Ya más aliviada, me dediqué a estudiar otro aspecto de la lista.  Me llamaba la atención la cantidad de palabras derivadas, muchas compartidas por nosotros y no por ello menos bonitas: el salero, la pimientera, la ensaladera, la jabonera y el tendedero.  Además figuraba el zapatero, ingenioso mueble de pared con un fin bastante obvio, el perchero, un mueble superfluo en nuestra isla pero utilísimo en el invierno madrileño, para colgar abrigos, bufandas y sombreros (las perchas, de paso, son nuestros “ganchos”), y la papelera (“zafacón” es puertorriqueñismo casi exclusivo). 
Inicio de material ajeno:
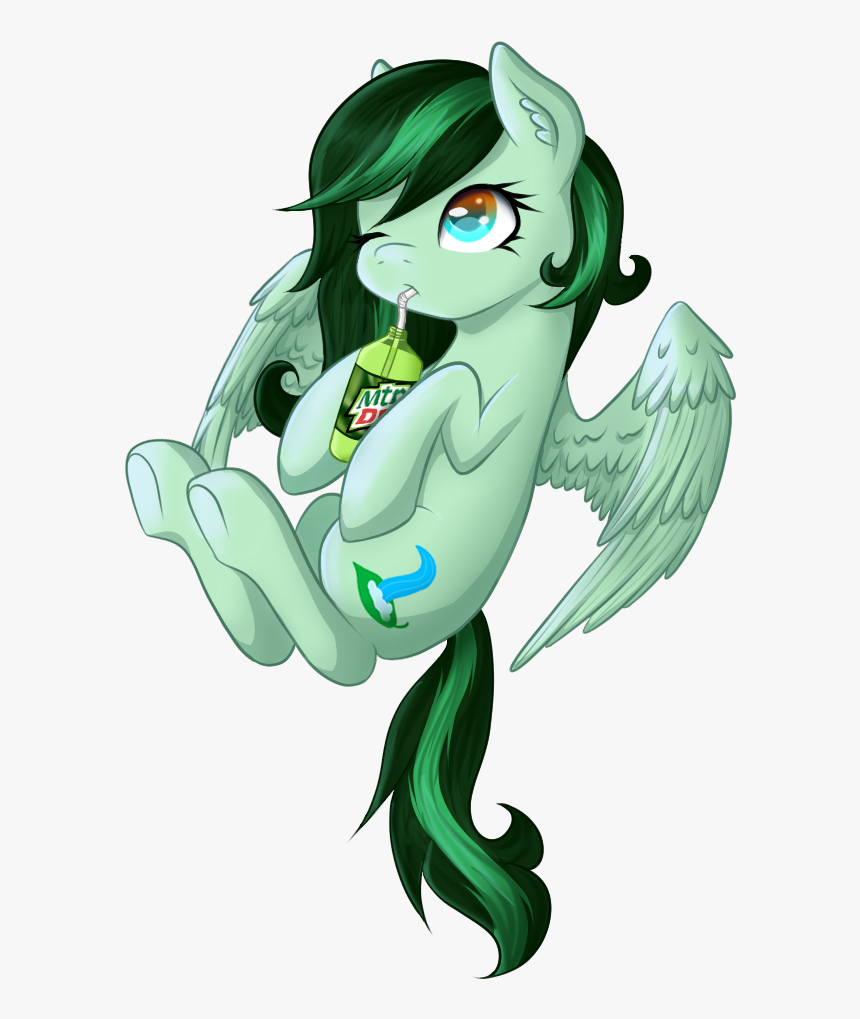 Feaniethemeanie, Female, Mare, Mountain Dew, Oc, Oc - Cartoon, HD Png Download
Ya discurría yo feliz por mi piso, comiendo en cuencos lo que preparaba en cazos y cazuelas, que después colocaba en el lavavajillas, porque ahorran agua, y nombrando en mi mente todo lo que me rodeaba.  Pero tenía frío, porque una ventana no cerraba bien.  Aproveché una llamada de mi casera para preguntarle cómo cerrarla.  “Sí”, me dijo, “es que es oscilo-batiente, o sea, abatible; tienes que poner el picaporte perpendicular para abrir la hoja en diagonal y también para cerrarla, de modo que el canto encaje con el marco”.  “¡Puf!”, pensé, con típica interjección española, mientras me ponía otro abrigo y me dirigía al diccionario.